The Problem
Problem: you have someone’s grandbaby, niece, nephew and/or great-grandbaby, and you live on the other side of the globe. Aside from mom and dad, all the people who love him or her the most are far, far away. This really, really sucks!
We were in Canada for the first four months of Lilia’s life (she spent her first month outside her mommy in the NICU). During that time our Facebook accounts were filled with baby photos and videos as well as daily comments from family and friends all around the globe. And that was when we were still living with family in our own country; we hadn’t even left yet.
In China, Facebook is was the ultimate tool for sharing baby photos and videos with far away family members (and, thanks to the privacy options, not the entire sleaze-saturated, creep-infested, pervert-enabling internet). Everyone from my grandparents to their great-grandkids are on Facebook, and it just kills to not get to share our daughter with them. We also miss the weekly and often daily FB interaction revolving around our nieces and nephews and whatever other family adventures are going on (most recently: the 2010 Olympic Games in our hometown!). Obviously it’s not as good as being within driving distance of your relatives, but FB was a big help and it’s sorely missed.
Some Options
So, 怎么办? Here’s the three options we’ve come across for making the physical distance from family members a little less painful. If you have other ideas, please let us know in the comments!
1) Get a VPN
We haven’t bothered to used a paid service to unrestrict our internet in China. When it comes to the internet less can be more, I’m really cheap, and I assume those VPN services will be blocked eventually anyway. But for $60 bucks a year (wow, I really am cheap…) you can get great services like the one we just won for free! The good folks at ChengduLiving.com had a free giveaway and just yesterday we won six months of free VPN service! We tried it this morning and it’s working great; click here to see the details — you can get a discount code from ChengduLiving.com. (Thanks tons, guys!) Our original strategy didn’t involve VPNs, so I don’t know if we’ll keep using it or not once our free six months are up.

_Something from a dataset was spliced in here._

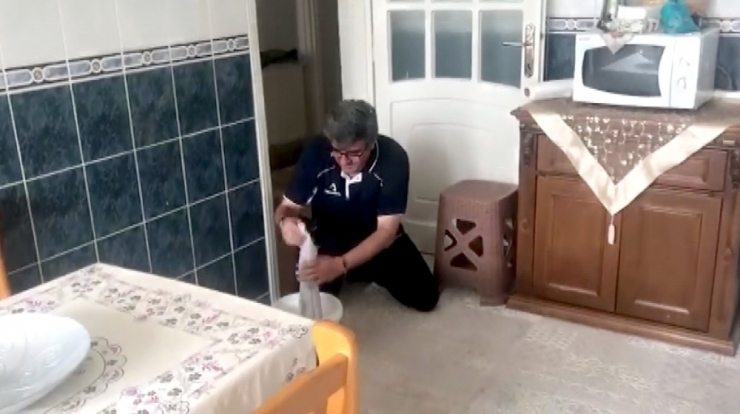 Yasaklı Koronanın Hamarat Erkeği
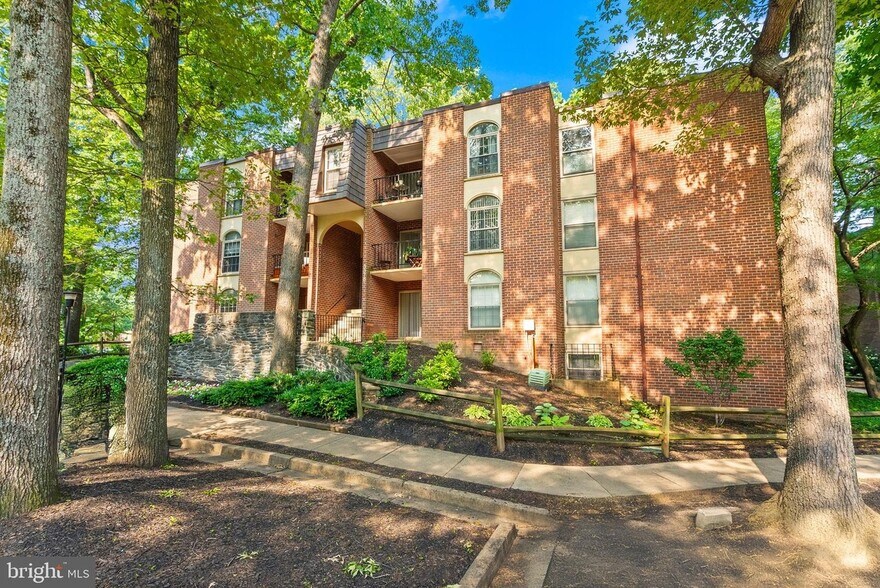 Building Photo - 3378 Woodburn Rd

2) Get/Make a Facebook substitute
I’m really cheap, Facebook was already sucking up too much of my time, and I wanted a baby-photo-sharing backup that would work even if/when China blocked every proxy and VPN in the world. So we set up a private, password-protected, family-only WordPress blog. Since we already pay for our own domain name and hosting, this didn’t cost us anything extra. It’s not as slick as Facebook, of course, but we can still share photo galleries and upload video clips that our family can download, and everyone can leave comments and share their own stories and photos. It’s also nice to have some family-members-only space on the internet. Our families can see photos and video the same day we take them.
There’s no guarantee that our domain name/hosting server won’t go the way of Facebook, YouTube, and a growing list of proxies and VPNs; personal sites get blocked, too. But we try to play nice by staying away from topics and words that the gov. deems sensitive. Plus sites like ours aren’t as high priority for censors or as high profile as proxies anyway.
3) Use Skype
You don’t need a top-of-the-line computer or video camera (we have older stuff) to pull off great Skype video calls. And it’s free! And if your grandparents are too computer-illiterate to handle Skype, you can just Skype their phones for pennies a minute at the most ($0.02/minute to Canada and the USA). When international video calls or phone calls are this easy, it’d be tragic not to take advantage of the opportunity.
Any other ideas? How do you stay connected with family and friends back home?